> [Problem to work on] Take the lines below from the one with "Brother TN-243 Toner Cyaan" through the one with "Belaidė mechaninė žaidimų" and retype them exactly. Include nothing else, and no pictures.

> [Record extracts]
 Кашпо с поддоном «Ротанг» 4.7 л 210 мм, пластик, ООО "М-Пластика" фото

--

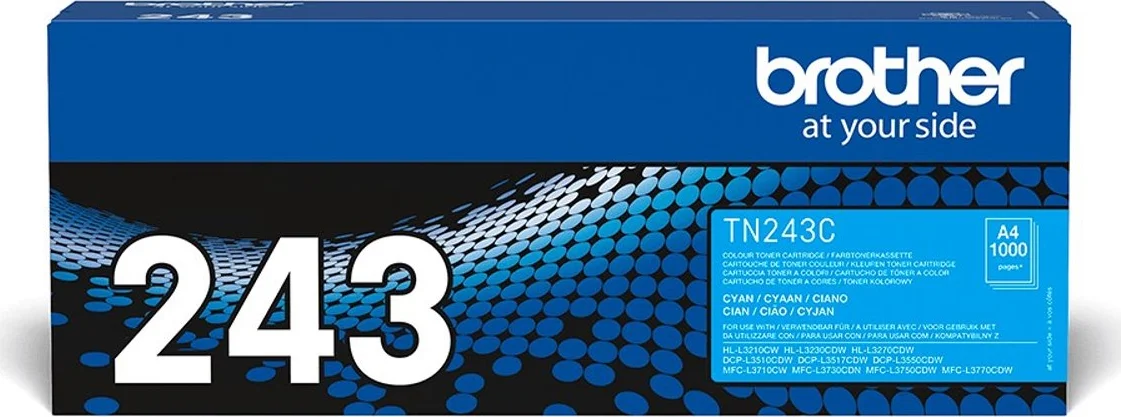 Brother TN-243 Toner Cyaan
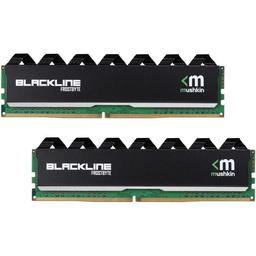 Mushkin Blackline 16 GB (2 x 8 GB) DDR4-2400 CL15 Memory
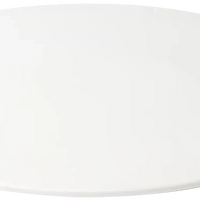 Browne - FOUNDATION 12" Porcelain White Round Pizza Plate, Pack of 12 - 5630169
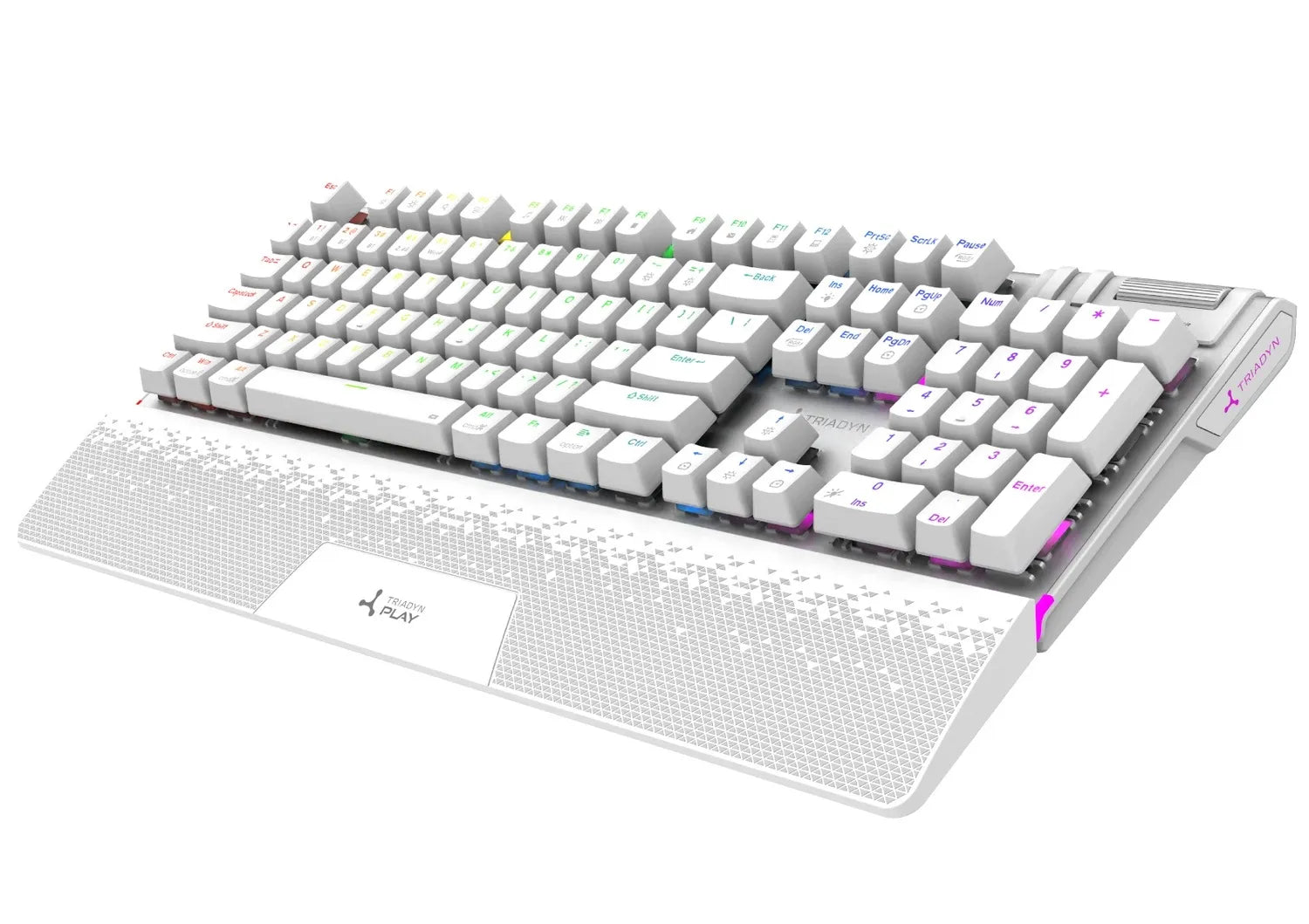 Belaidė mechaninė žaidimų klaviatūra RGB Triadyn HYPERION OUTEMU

> [Solution to this problem]
 Brother TN-243 Toner Cyaan
 Mushkin Blackline 16 GB (2 x 8 GB) DDR4-2400 CL15 Memory
 Browne - FOUNDATION 12" Porcelain White Round Pizza Plate, Pack of 12 - 5630169
 Belaidė mechaninė žaidimų klaviatūra RGB Triadyn HYPERION OUTEMU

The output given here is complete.